Scientific evidence has already shown that the practice of regular physical exercise is one of the best resources to avoid overweight and obesity. Now, a group of Spanish scientists focused on investigating a widespread belief: if physical activity increases the desire to eat.

The work, in which researchers from the Faculty of Physical Activity and Sports Sciences of the Polytechnic University of Madrid (UPM) participated, allowed us to analyze the effect of practicing physical exercise in calorie intake and how you can help combat overweight and obesity problems by modulating your diet.

How does exercise affect diet? Does it produce a greater sensation of hunger by increasing calorie consumption? Does it make a person have a preference for some foods over others?

These questions were raised by researchers from the Research Group of the Laboratory of Exercise Physiology (LFE Research Group) of the Faculty of Physical Activity and Sports Sciences of the UPM who worked on the PRONAF study (Nutrition and Physical Activity Programs for Obesity treatment), one of the biggest of this kind made to date.

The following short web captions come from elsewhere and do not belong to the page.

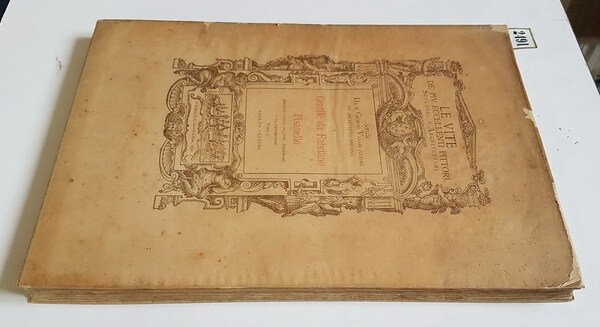 Le Vite de' piÃ¹ eccellenti pittori, scultori e architetti scritte …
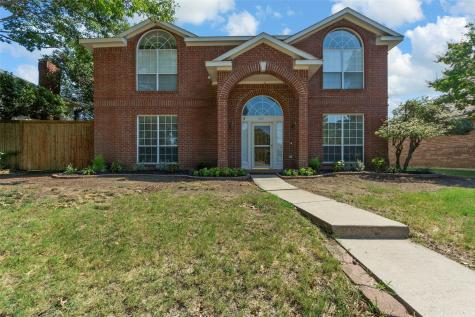 10441 Castle Drive Frisco TX 75035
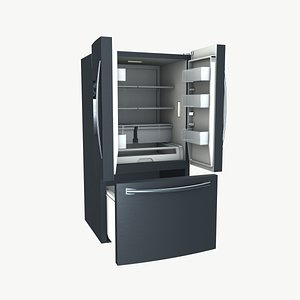 fridge model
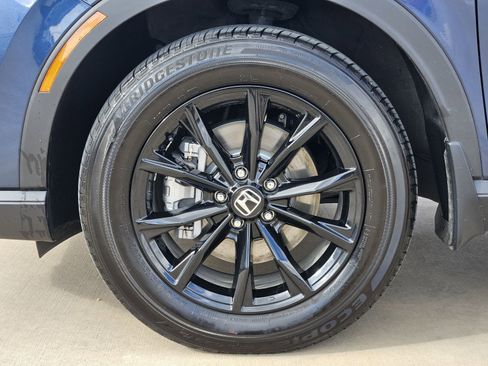 Used 2025 Honda CR-V Sport-L image 15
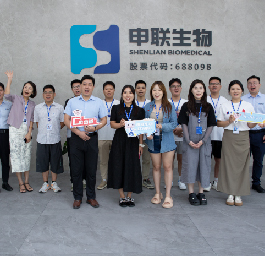 凝“新”聚力谱华章——凯发旗舰厅生物2024届营销管培生入职培训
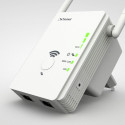 Strong Universal Repeater 300 Mbit/s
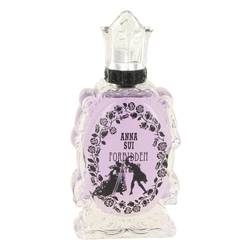 Anna Sui Forbidden Affair EDT for Women (Tester)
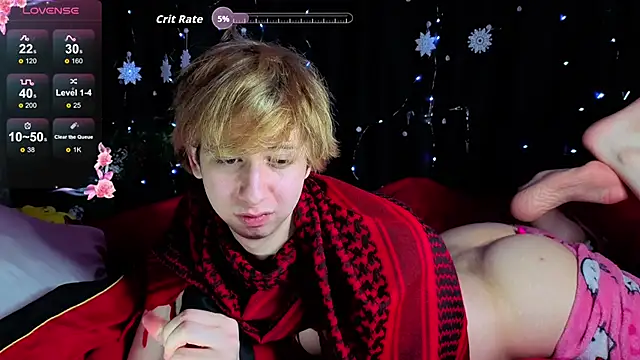 Timothy Fox online show from January 2026 08:40:02 PM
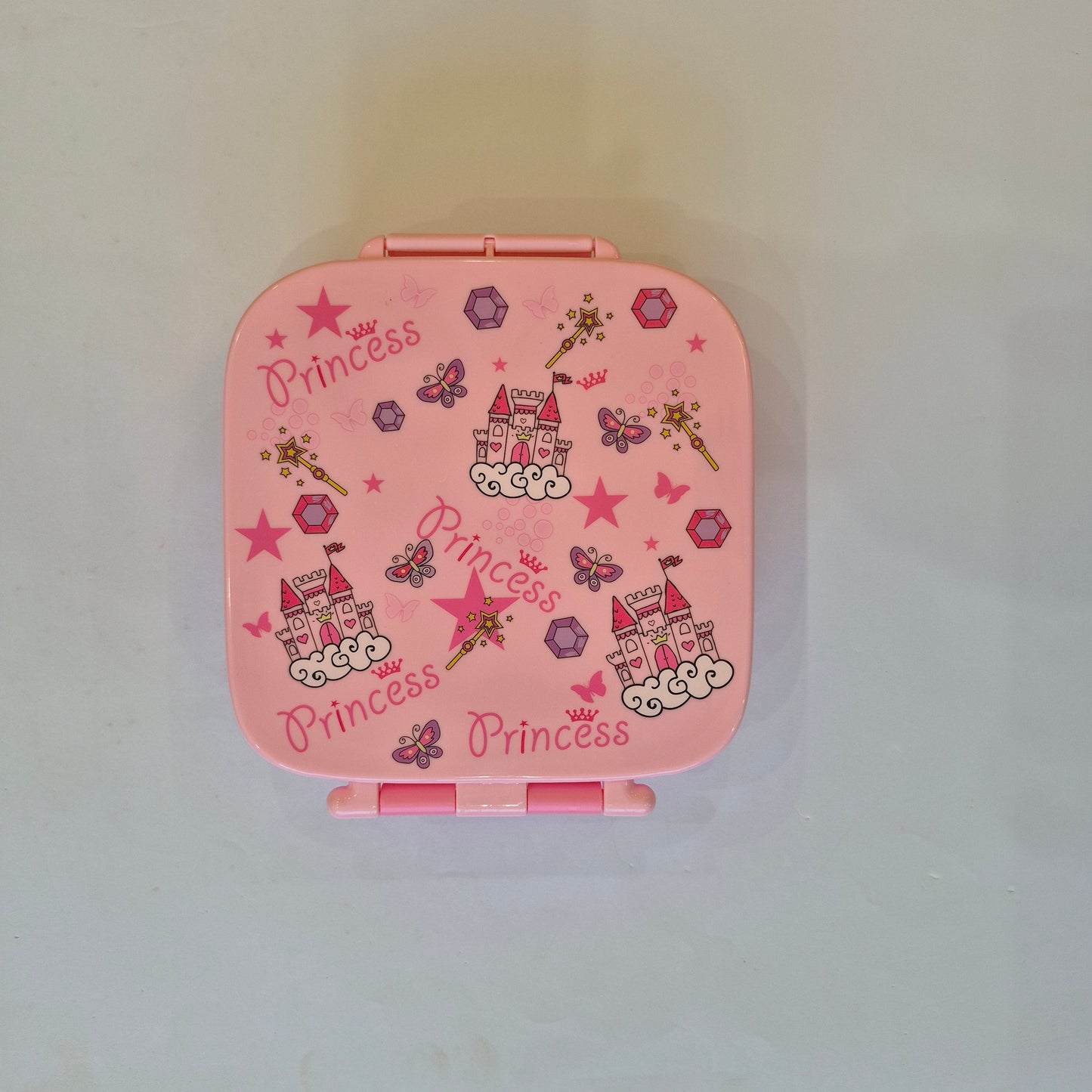 Princess Bentobox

The work of the UPM researchers focused on analyzing whether a specific type of exercise could favor a better adherence to diet prescribed, higher diet-related motivation, a healthier diet composition, or greater changes in body composition in overweight and obese people.

Obesity is a public health problem that is related to numerous risk factors for cardiovascular disease and comorbidities, recalled researcher Ana Belén Peinado, who observed that several studies served to verify that exercise can modulate food intake and contribute to regulation of appetite, the total calorie intake and the composition of the diet itself.

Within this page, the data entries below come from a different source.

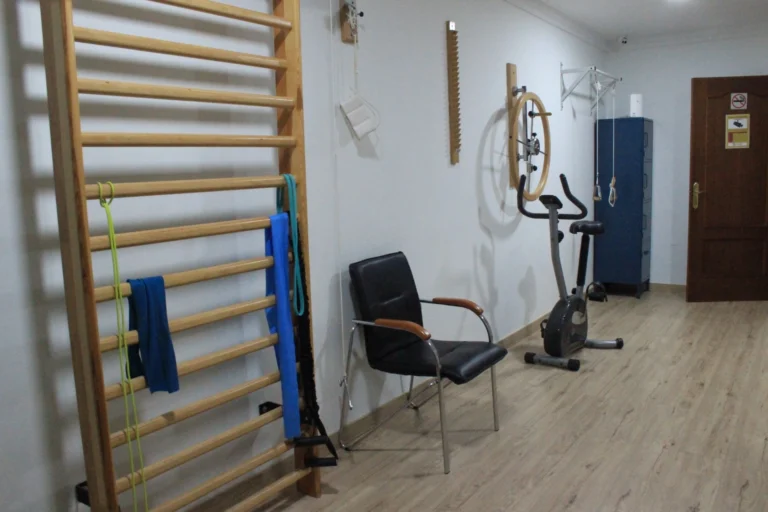 Nuestro Centro De Fisioterapia Benalmadena (1)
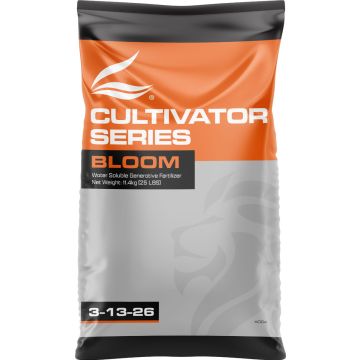 Cultivator Series Bloom 1kg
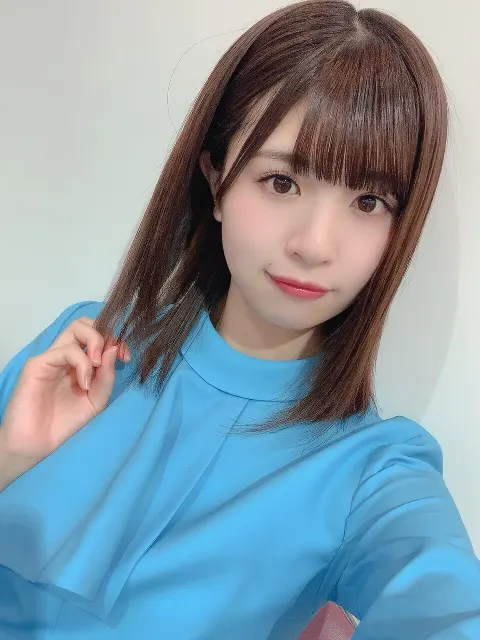 松田 好花｜TGC_静岡🍵（2020-01-14）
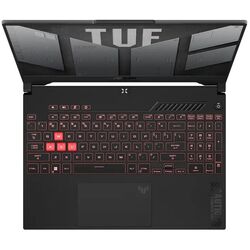 Laptop Asus TUF Gaming A15 FA507NV AMD Ryzen 5 7535HS 16GB DDR5/512GB SSD (Mecha Gray) Thumb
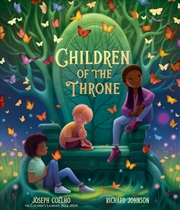 Buy Children On The Throne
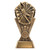 Cosmos Series Female Fielding Trophy 200mm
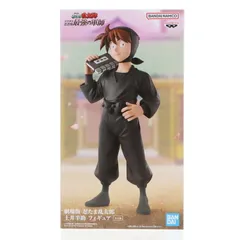 土井半助(どいはんすけ) 劇場版 忍たま乱太郎 ドクタケ忍者隊最強の軍師 フィギュア プライズ(2757343) バンプレスト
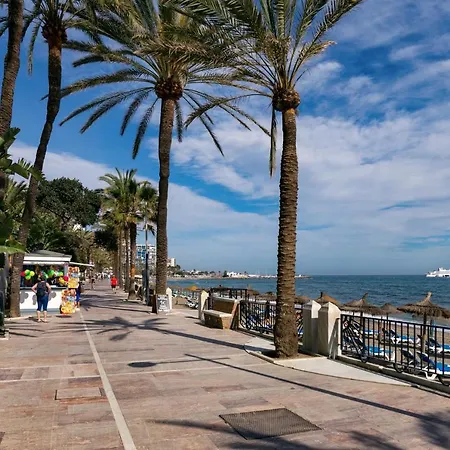 公寓 Center New And Luxurious On The 627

“However, the type of exercise that could induce greater physiological and behavioral changes, related to eating behavior and food intake, still unclear“, explained the researcher in an article published by the university.

This relationship is what the researchers have studied, who worked on a sample of 300 people who were analyzed more than 2,500 variables.

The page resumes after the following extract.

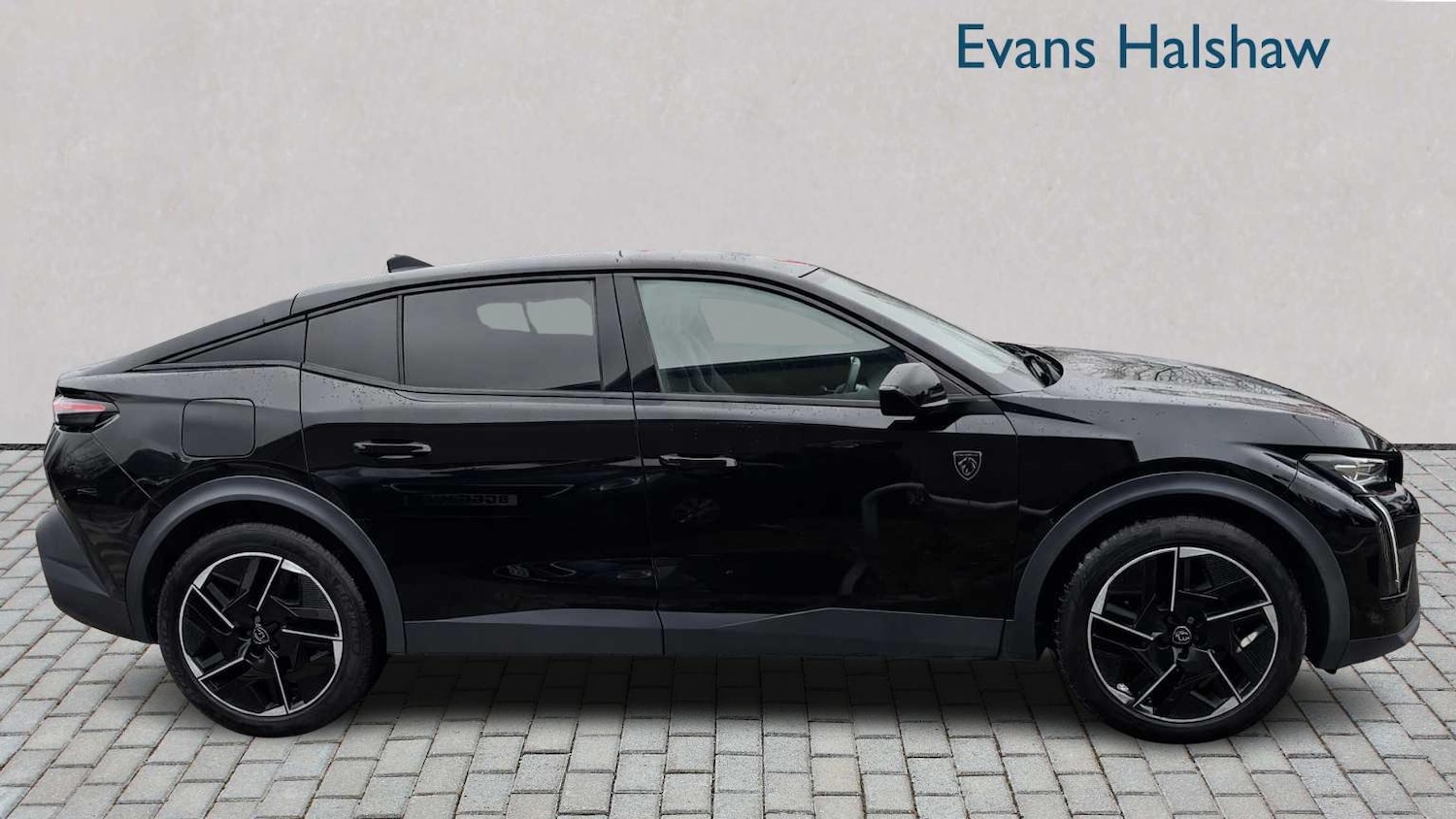 Used Peugeot 408 2023 for sale - 77787126: Photo 4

The results obtained now did not show substantial effects of exercise type on energy intake, macronutrient selection, or changes in body composition.

They did find that people who exercised more increased protein intake, which is positive, since an increase in daily physical activity requires a greater intake of protein, and these people would thus be helping to meet that requirement in a spontaneous way.

They also found that strength, aerobic exercise or a combination of both, do not cause a greater need for intake in people who are overweight, and that people who start a long-term exercise program do not increase their energy consumption in a compensatory way.

The Interdisciplinary Center for the Study of Human Performance (CIPER) in Lisbon, the La Paz University Hospital Research Institute (IdiPAZ) and the Marqués de Valdecilla University Hospital in Santander also participated in the research, and the results of the work were published in the magazine Nutrients.